Friedrich Wilhelm Joseph Schelling
Nach dem Besuch der Lateinschule in Nürtingen (seit 1785) und des Höheren Seminars in Bebenhausen (seit 1787) trat S. 1790 mit Sondergenehmigung vorzeitig in das Tübinger Stift ein und studierte bis 1792 Philosophie, danach Theologie. Im Anschluss an das Konsistorialexamen 1795 war er in Stuttgart Hofmeister der Barone Riedesel, die er im März 1796 an die Univ. Leipzig begleitete, wo er sich intensiv mit den Naturwissenschaften beschäftigte. Im Herbst 1798 machte er in Dresden Bekanntschaft mit dem Kreis um die Brüder Schlegel (Novalis, Schleiermacher, Diederich), im Oktober trat S. auf Betreiben Goethes eine Stellung als ao. Professor der Philosophie in Jena an. Hier verkehrte er u. a. mit Schiller, Fichte und Johann Wilhelm Ritter, seit 1800 auch mit seinem Tübinger Studienfreund Hegel, mit dem er 1802/03 das »Kritische Journal der Philosophie« (2 Bde.) herausgab. 1803 folgte S. einem Ruf als o. Professor an die Univ. Würzburg, 1806 wechselte er als o. Mitglied an die Akademie der Wissenschaften in München und wurde hier im Folgejahr zum Generalsekretär der neugegründeten Akademie der Bildenden Künste berufen (Rücktritt 1823). 1810 hielt sich S. zu Privatvorlesungen in Stuttgart auf, 1812 folgte die scharfe Auseinandersetzung mit Friedrich Heinrich Jacobi, der ihm atheistischen Spinozismus vorwarf. Auf eigenen Wunsch 1820 an der Akademie der Wissenschaften beurlaubt, versah S. seitdem eine Honorarprofessur in Erlangen, wo er u. a. vor August v. Platen, Friedrich Julius Stahl und Arnold Ruge Vorlesungen über Philosophie als Wissenschaft, Philosophie der Mythologie, Geschichte der neueren Philosophie hielt und mit Joseph Görres verkehrte. 1827 wurde er o. Professor der Philosophie in München und zugleich Vorstand der Akademie der Wissenschaften sowie Generalkonservator der staatlichen wissenschaftlichen Sammlungen. In dieser Zeit wirkte S. an der Entwicklung des baver. Schulplans und der Studienordnung der Philosophischen Fakultät mit und war seit 1835 Lehrer des Kronprinzen, des späteren König Maximilian II. 1841 folgte er einem Ruf an die Univ. Berlin, wo Arnold Ruge, Michael Bakunin, Friedrich Engels, Sören Kierkegaard, Henrik Steffens und Jacob Burckhardt zu seinen Hörern zählten. 1846 beendete er seine öffentliche Vorlesungstätigkeit und hielt bis 1852 noch gelegentlich Vorträge an der Akademie der Wissenschaften.

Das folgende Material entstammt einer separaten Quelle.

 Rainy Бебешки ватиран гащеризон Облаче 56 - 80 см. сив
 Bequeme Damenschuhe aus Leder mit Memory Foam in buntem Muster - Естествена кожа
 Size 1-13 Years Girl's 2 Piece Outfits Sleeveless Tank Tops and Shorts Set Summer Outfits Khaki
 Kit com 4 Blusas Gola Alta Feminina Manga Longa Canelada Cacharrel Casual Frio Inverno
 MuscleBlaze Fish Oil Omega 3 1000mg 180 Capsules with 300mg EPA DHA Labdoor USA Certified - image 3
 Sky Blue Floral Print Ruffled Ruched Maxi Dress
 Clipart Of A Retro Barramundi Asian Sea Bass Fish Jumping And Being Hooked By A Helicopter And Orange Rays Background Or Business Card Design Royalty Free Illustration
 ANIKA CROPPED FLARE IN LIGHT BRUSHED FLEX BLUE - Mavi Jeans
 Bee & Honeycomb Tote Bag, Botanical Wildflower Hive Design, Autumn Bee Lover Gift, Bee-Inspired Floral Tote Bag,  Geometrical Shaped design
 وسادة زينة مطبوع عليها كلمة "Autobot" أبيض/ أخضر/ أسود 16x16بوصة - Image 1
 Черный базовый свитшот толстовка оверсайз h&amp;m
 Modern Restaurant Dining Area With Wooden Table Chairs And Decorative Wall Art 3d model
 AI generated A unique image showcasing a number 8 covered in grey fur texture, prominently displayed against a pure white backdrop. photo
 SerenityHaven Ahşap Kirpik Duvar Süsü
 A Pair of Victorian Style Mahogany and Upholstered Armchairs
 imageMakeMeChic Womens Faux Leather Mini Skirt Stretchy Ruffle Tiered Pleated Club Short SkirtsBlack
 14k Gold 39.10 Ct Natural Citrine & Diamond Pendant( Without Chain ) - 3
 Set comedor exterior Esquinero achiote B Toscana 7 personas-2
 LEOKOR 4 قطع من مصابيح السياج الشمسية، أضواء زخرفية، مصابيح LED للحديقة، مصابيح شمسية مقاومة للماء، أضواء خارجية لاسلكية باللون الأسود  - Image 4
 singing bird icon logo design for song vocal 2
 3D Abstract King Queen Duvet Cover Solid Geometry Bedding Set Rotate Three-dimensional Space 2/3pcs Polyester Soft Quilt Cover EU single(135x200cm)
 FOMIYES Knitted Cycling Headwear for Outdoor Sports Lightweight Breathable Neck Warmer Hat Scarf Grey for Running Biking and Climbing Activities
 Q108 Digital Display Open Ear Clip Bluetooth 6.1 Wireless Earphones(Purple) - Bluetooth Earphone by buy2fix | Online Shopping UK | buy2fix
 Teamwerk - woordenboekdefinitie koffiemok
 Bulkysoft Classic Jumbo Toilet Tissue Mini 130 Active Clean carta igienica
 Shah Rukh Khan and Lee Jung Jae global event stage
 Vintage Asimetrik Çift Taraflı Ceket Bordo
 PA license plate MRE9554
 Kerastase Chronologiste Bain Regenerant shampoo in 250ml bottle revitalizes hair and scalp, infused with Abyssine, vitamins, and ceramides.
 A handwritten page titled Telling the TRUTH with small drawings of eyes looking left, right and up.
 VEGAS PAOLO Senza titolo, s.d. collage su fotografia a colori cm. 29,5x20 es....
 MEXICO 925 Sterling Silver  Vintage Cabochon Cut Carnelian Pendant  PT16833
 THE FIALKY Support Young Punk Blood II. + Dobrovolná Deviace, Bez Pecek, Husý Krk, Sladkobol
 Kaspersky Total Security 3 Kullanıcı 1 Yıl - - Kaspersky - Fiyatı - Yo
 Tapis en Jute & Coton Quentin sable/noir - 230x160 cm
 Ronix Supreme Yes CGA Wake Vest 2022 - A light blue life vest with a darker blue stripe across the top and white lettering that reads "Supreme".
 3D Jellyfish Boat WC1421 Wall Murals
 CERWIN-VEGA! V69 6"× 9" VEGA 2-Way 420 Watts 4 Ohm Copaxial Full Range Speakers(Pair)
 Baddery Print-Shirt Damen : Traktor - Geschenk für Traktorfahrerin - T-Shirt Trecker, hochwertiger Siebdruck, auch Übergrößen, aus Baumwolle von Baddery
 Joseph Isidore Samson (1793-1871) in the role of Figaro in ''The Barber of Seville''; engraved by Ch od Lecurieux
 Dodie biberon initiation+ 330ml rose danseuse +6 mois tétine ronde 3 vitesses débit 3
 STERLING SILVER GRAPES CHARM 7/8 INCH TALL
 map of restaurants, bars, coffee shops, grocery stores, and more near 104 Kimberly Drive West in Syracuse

Schon während seines Studiums beschäftigte sich S. intensiv mit Kant, Platon und der Gnosis, die sein Denken prägten. Früh entwickelte er Vorstellungen vom Ganzen der Geschichte als einer Vernunftgeschichte, vom Ganzen des natürlichen, ebenso lebendigen wie materiellen Kosmos sowie vom Ganzen der geschichtlichen und natürlichen Welt als eines Verhältnisses zu Gott, der markionitisch-spekulativ der unbekannte und kommende Gott ist.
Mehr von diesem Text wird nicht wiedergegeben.